Scary Scalar Functions - Part Three: The Cure

Tom

2022-07-24

10 minutes

Part of the "Scary Scalar Functions" series:

Page content

Foreword 🔗︎

In the first two parts, we have seen why the Scalar functions (UDFs) are a problem for the performance. So how do we deal with it now that we know it’s a problem?

There is only one solution:

I say we take off and nuke the entire site from orbit. It’s the only way to be sure.
— Ellen Ripley

That might have been a hyperbole (or was it)? But the best solution is to eliminate UDFs as much as possible. I’ll show you some ways how to do that safely.

Minimizing the impact 🔗︎

If you’re not ready to go scorched earth on the UDFs, there are some ways to optimize them.

Make them deterministic 🔗︎

Adding SCHEMABINDING to a Scalar UDF is necessary to make it deterministic.

Taken from the documentation

Deterministic functions must be schema-bound. Use the SCHEMABINDING clause when creating a deterministic function.

And be sure to check this great answer as well.

Determinism can positively impact performance and it’s easily implemented as well.

I always add SCHEMABINDING to a function that doesn’t access data because it’s a free win.
Otherwise, it can be a double-edged sword. The SCHEMABINDING will unsurprisingly prevent changes to a schema, so deployments and refactorings might be more complex.

Return NULL on NULL input 🔗︎

Taken from the documentation (emphasis mine)

If RETURNS NULL ON NULL INPUT is specified in a CLR function, it indicates that SQL Server can return NULL when any of the arguments it receives is NULL, without actually invoking the body of the function.

Skipping the NULL rows means it won’t be Row-by-agonizing-row (RBAR) anymore, but it will be row-by-agonizing-not-null-row (RBANNR) - which is slightly better.
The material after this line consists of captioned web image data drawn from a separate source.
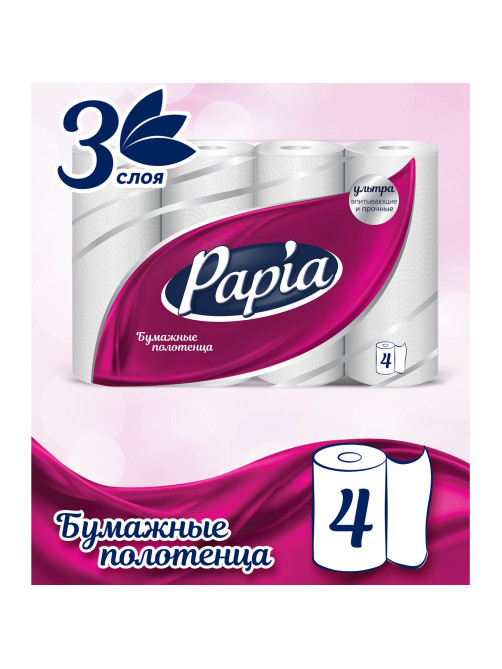 Полотенца бумажные бытовые, спайка 4 шт., 3-слойные (4х11,2 м), PAPIA, 23x13 см, белые, 5081506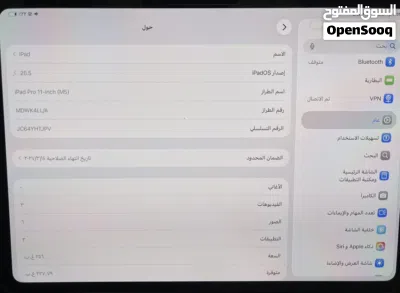 ايباد M5 مشحون 61 2
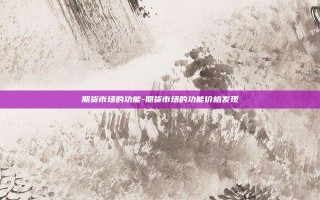 期货市场的功能-期货市场的功能价格发现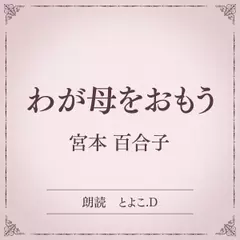 わが母をおもう （小学館の名作文芸朗読）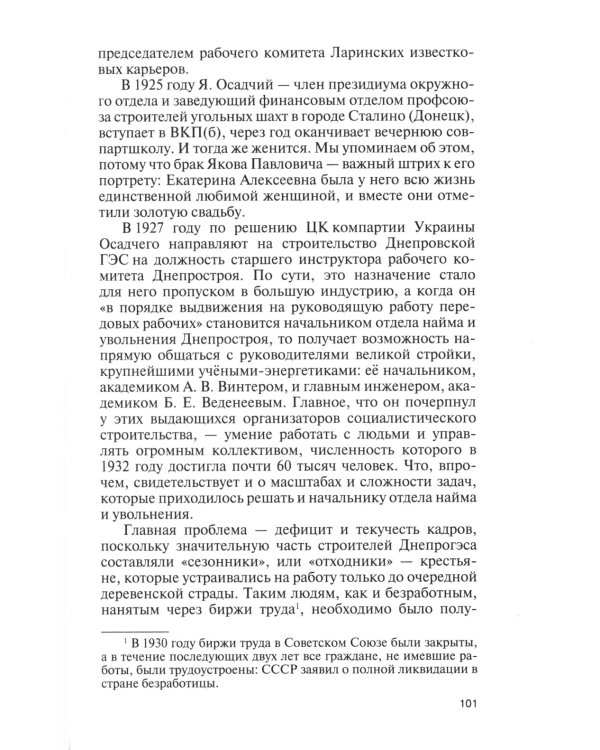 ЖЗЛ. "Красные" директора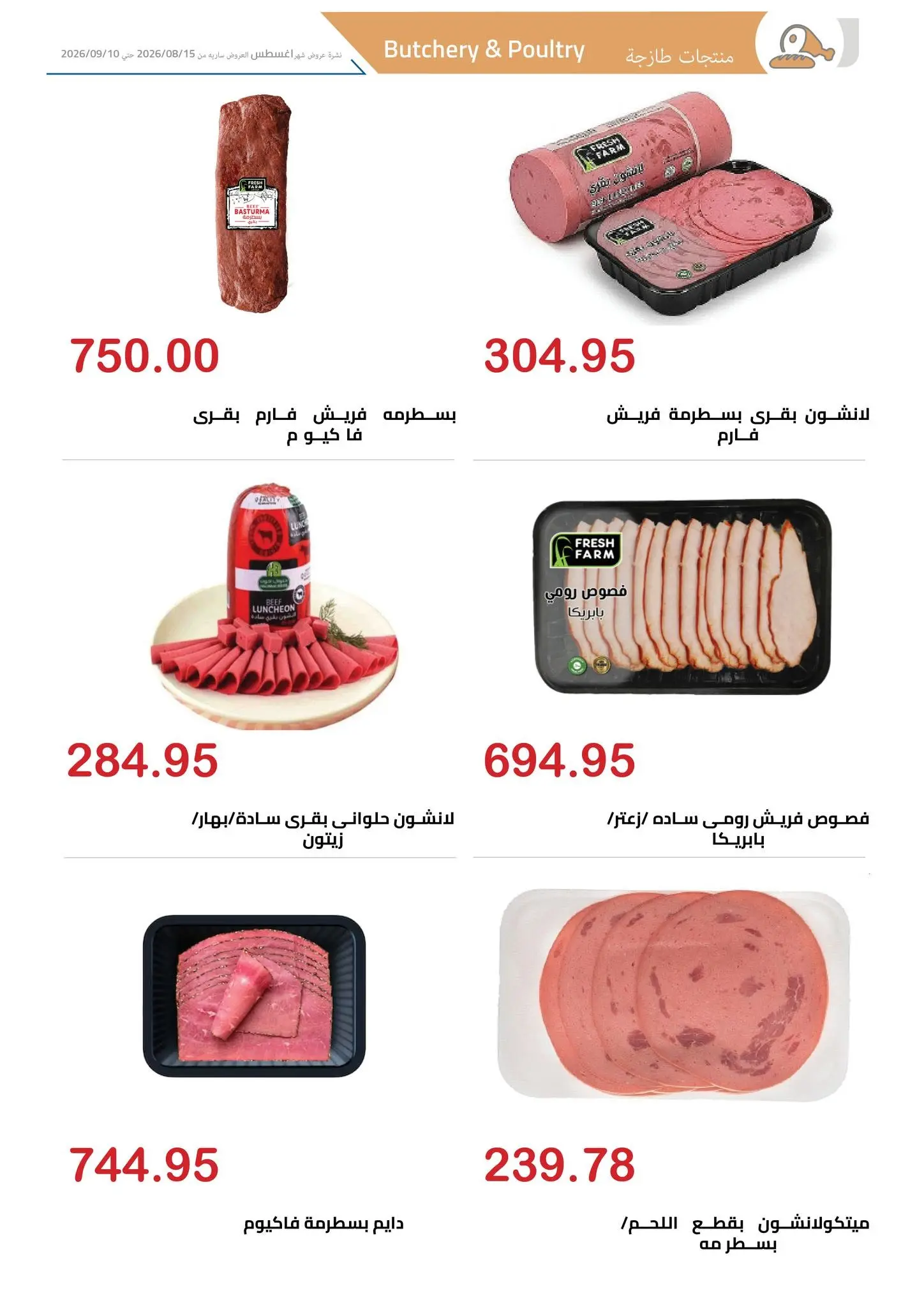 El hawary Market offers from 15 August to 10 September 2026 Summer Deals - El hawary Market - Egypt - 15 August 2026 – 10 September 2026 - Page 6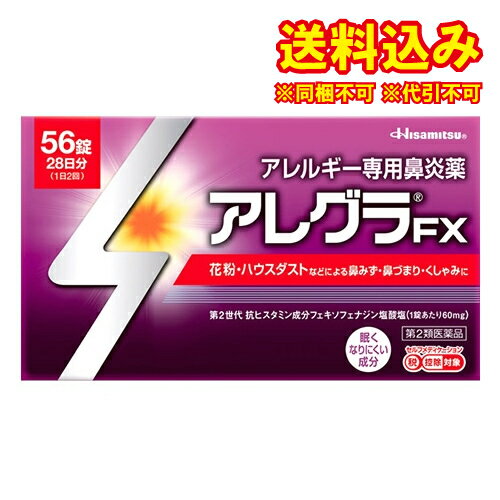 定形外）【第2類医薬品】アレグラFX　56錠【セルフメディケーション税制対象】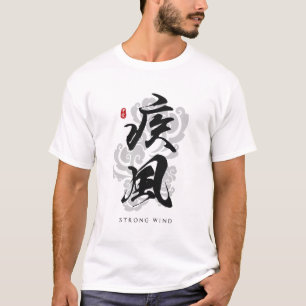 Camiseta Arte da caligrafia de "Hayate" do forte vento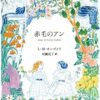 おすすめの児童文学10選！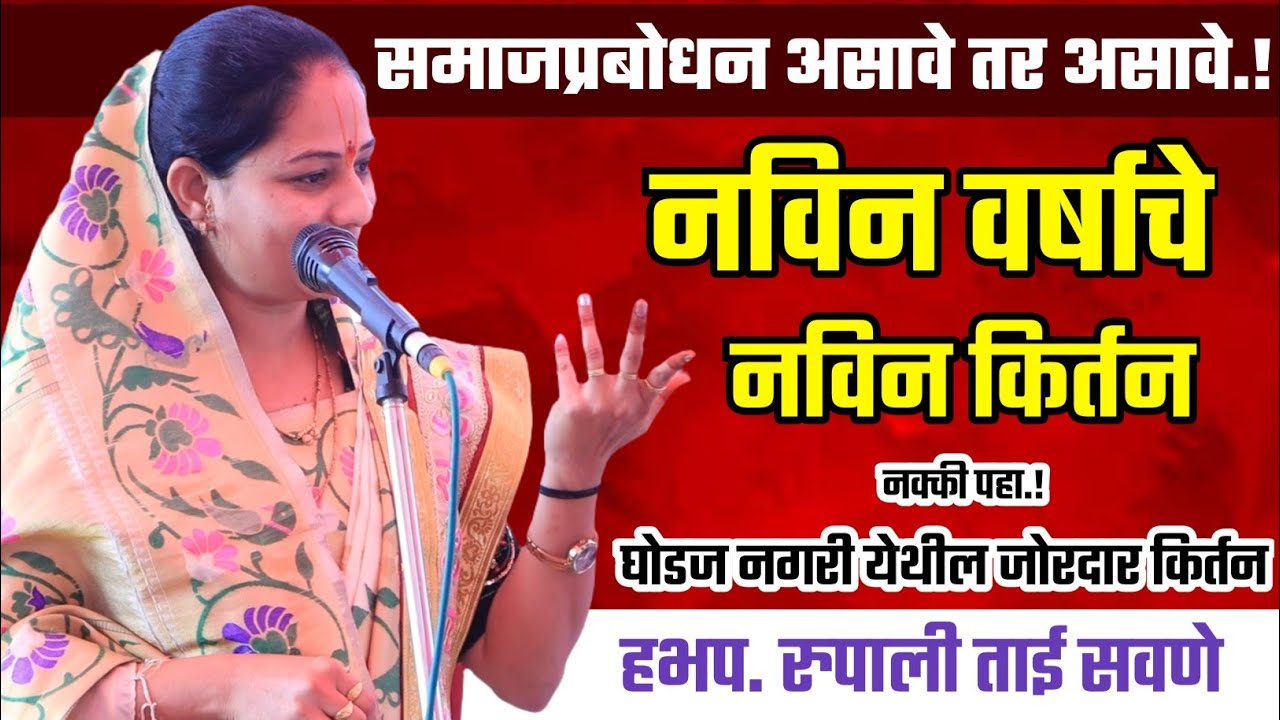 ह.भ.प. रुपाली ताई सवणे परतूरकर यांचे सुंदर समाजप्रबोधन किर्तन, Rupali Tai Savane Parturkar Kirtan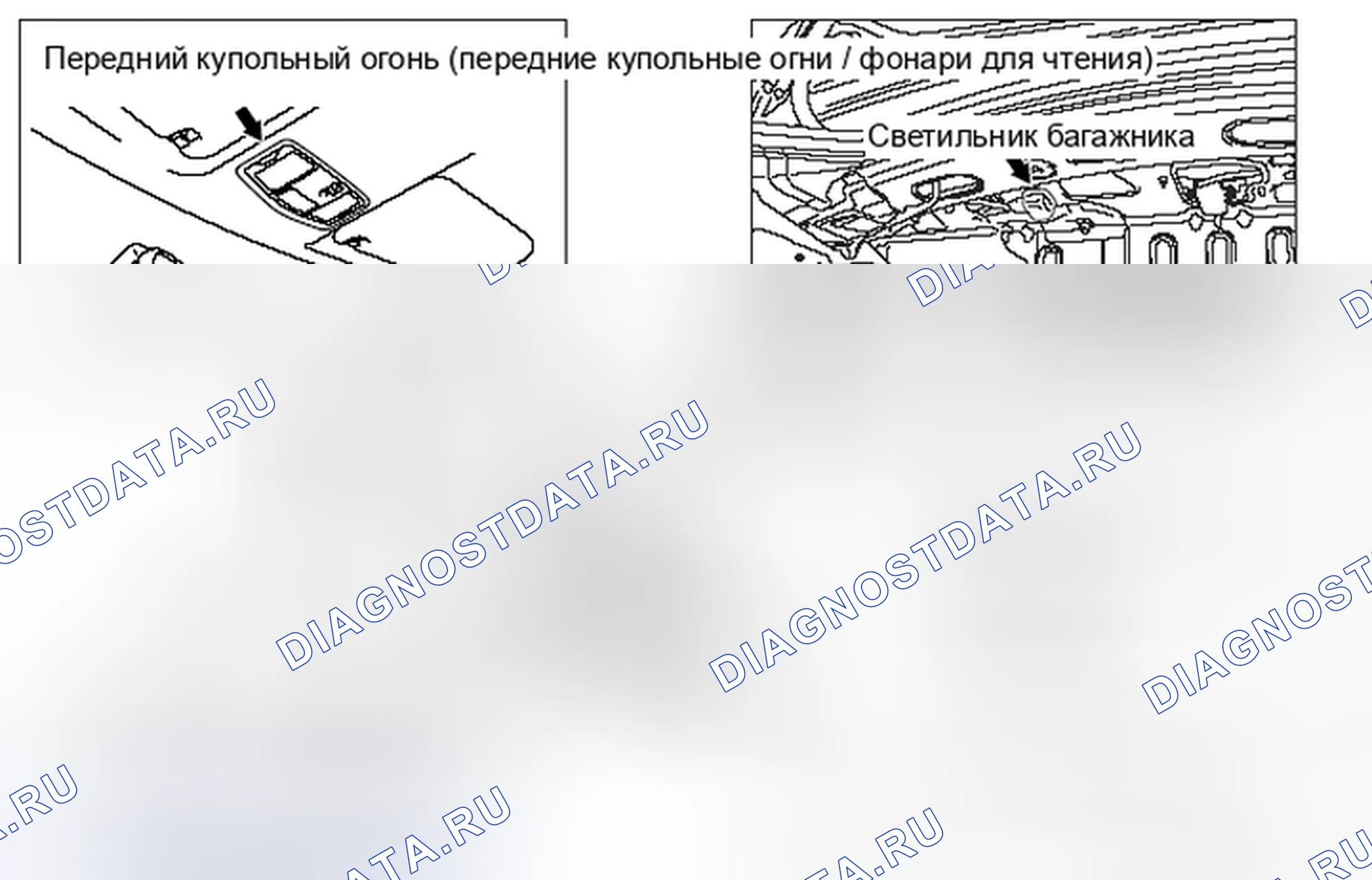 Рис. 1: <LANCER>. Mazda MX-5 NB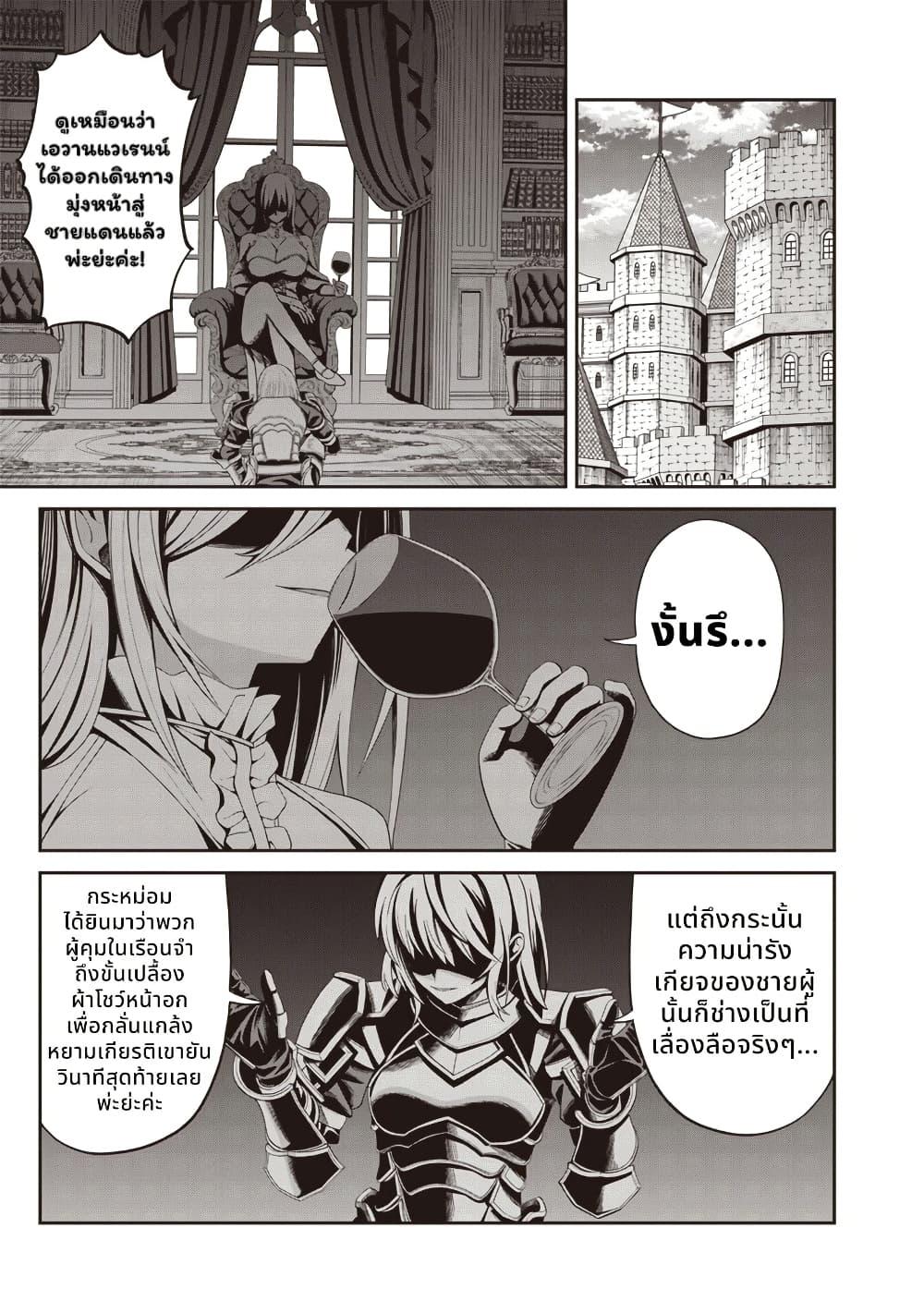 Manga-lc-com อ่านมังงะ อ่านการ์ตูน ออนไลน์ ฟรี Dokushin Kizoku Danjohi 199 Sekai no Akuyaku Reisoku ตอนที่ 1 2 3 4 5 6 7 8 9 10 11 12 13 14 ฟรี ไม่มีโฆษณา Manga-lc - อ่าน มังงะ อ่าน การ์ตูน ออนไลน์ อ่านมังงะ ฟรี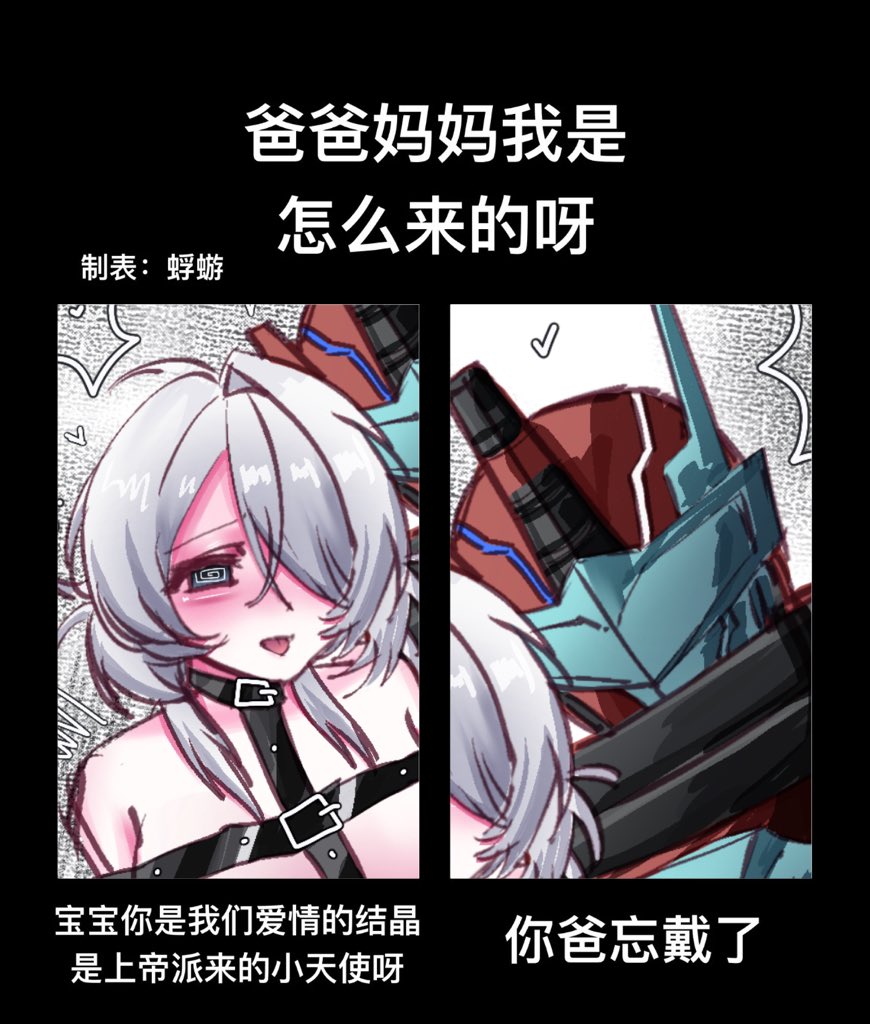 iEvol_'s tweet photo. OK https://t.co/9SozIOzRyy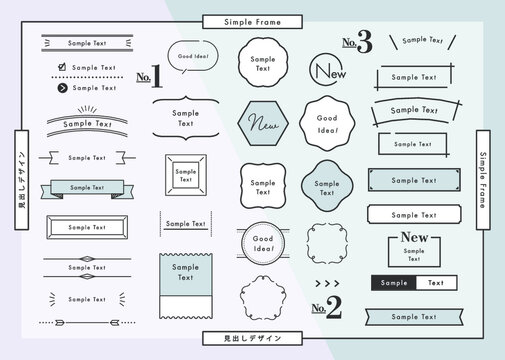 見出しタイトルデザイン」のアイデア 9 件タイトルデザイン, パンフレット デザイン, デザイン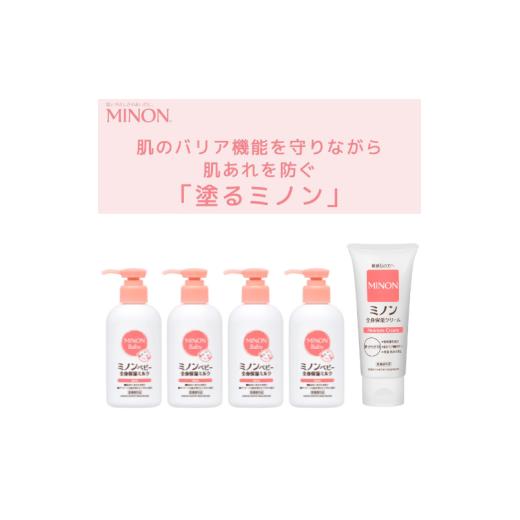 ふるさと納税 美容 三重県 伊勢市 1743-1 ミノンベビー全身保湿ミルク4本、ミノン全身保湿クリーム1本 保湿 保湿クリーム ボディークリーム 敏感肌 ミノン 赤…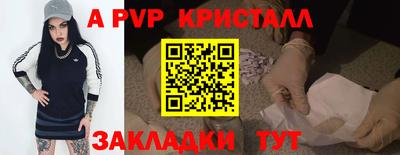 мет Камышлов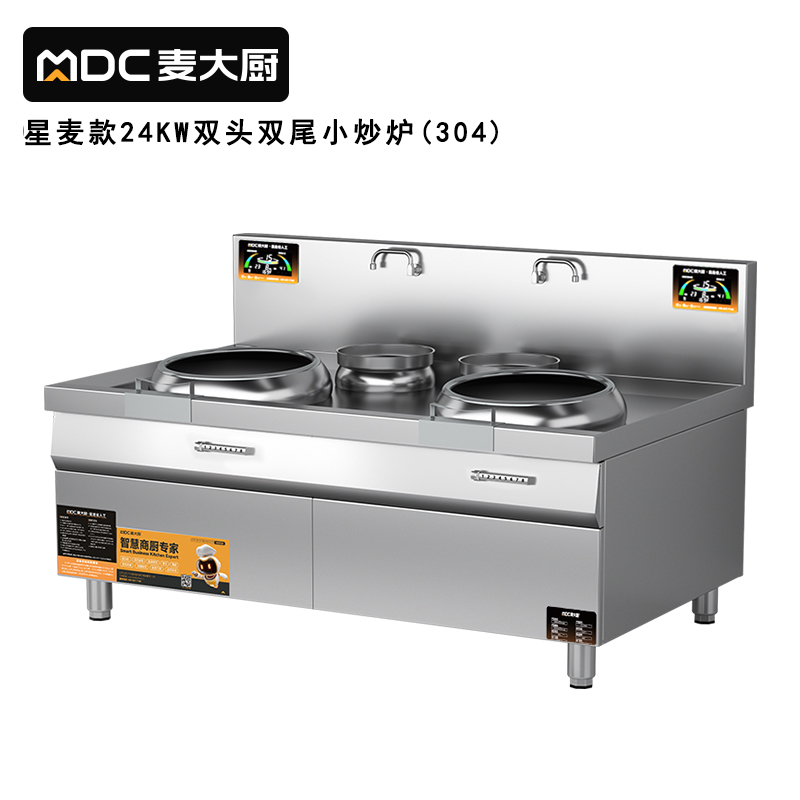麥大廚工程款304材質電磁雙頭雙尾小炒爐24kw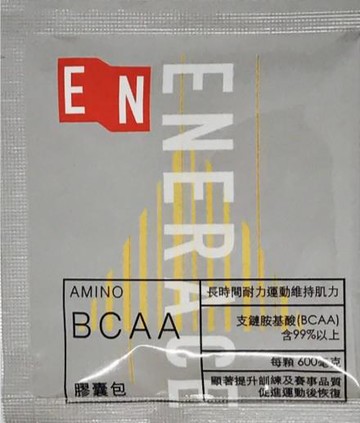 運能BCAA 膠囊(每包4顆)，支鏈胺基酸，馬拉松、路跑、越野跑、三鐵，效期:2027/01/20..騎跑泳者-快樂玩跑!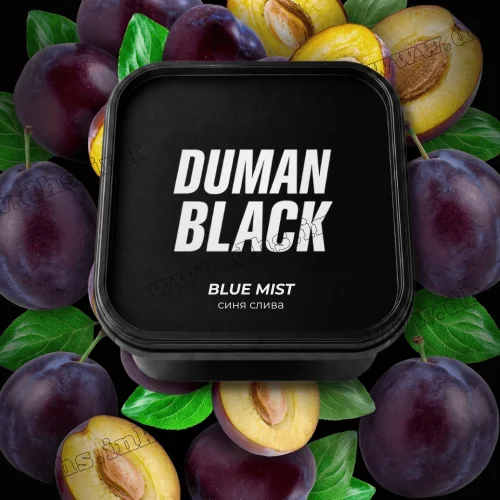 Табак Duman Black (Думан Блэк) - Blue Mist (Слива) 200г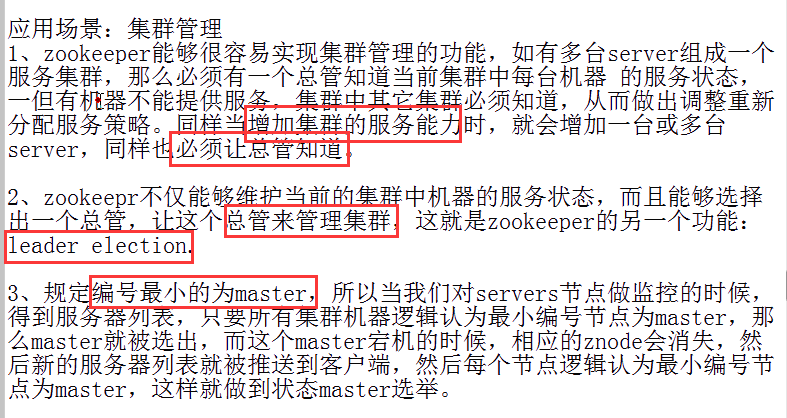 1572141541895975.png image.png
It’s hard to test all the code paths a UDF might have to see if this makes sense. But if the Scalar UDF has only one parameter, this snippet will help you construct the queries to check for the easy wins.

; -- Previous statement must be properly terminated
WITH singleParamObjects
AS
(
    SELECT
        p.object_id
    FROM sys.parameters AS p
    WHERE p.name <> N''
    GROUP BY p.object_id
    HAVING COUNT(1) = 1
)
SELECT
    o.object_id AS objId
    , OBJECT_SCHEMA_NAME(o.object_id) AS schName
    , o.name AS objName
    , p.name AS paramName
    , CONCAT
    (
        'SELECT '
        , ''''
        , ca.FullName
        , ''''
        , ' AS FnName, '
        , ca.FullName
        , '(NULL) AS FnResult;'
    ) AS DynamicExecute
FROM sys.objects AS o
JOIN sys.parameters AS p
    ON p.object_id = o.object_id
    AND p.name <> N''
JOIN singleParamObjects AS spp
    ON spp.object_id = p.object_id
CROSS APPLY
(
    VALUES
    (
        CONCAT
        (
            QUOTENAME(OBJECT_SCHEMA_NAME(o.object_id))
            , '.'
            , QUOTENAME(o.name)
        )
    )
) AS ca (FullName)
WHERE o.type = 'FN'

Constants when working with sets 🔗︎

I sometimes see this antipattern:

SELECT
    Mt.Col
    , dbo.CalculateValue(4) AS CalculatedValue
FROM dbo.Mytable AS Mt

The Scalar UDF in the SELECT clause has a constant for a parameter. A constant in a function means a constant return value. Therefore, there is no point in invoking it for every row. SQL Prompt’s Code Analysis also warns about this.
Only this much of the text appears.